[Data extract]
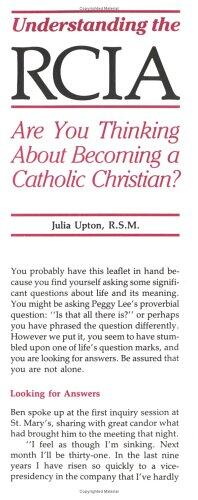 Are You Thinking About Becoming a Catholic Christian?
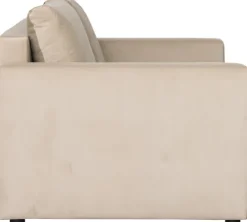 Sofa rozkładana Milano (plusz beż)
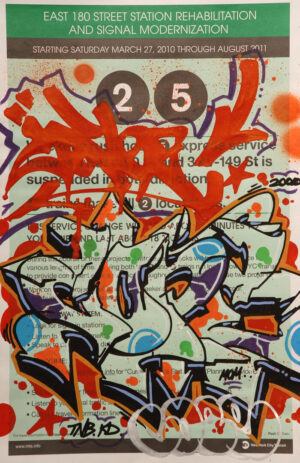 NYC Subway Print (25) – COPE2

[Work request] Each line from the one with "Sofa rozkładana Milano (plusz beż)" to the end of the material needs to be output word for word, with no picture included.

[Expected output]
 Sofa rozkładana Milano (plusz beż)
 NYC Subway Print (25) – COPE2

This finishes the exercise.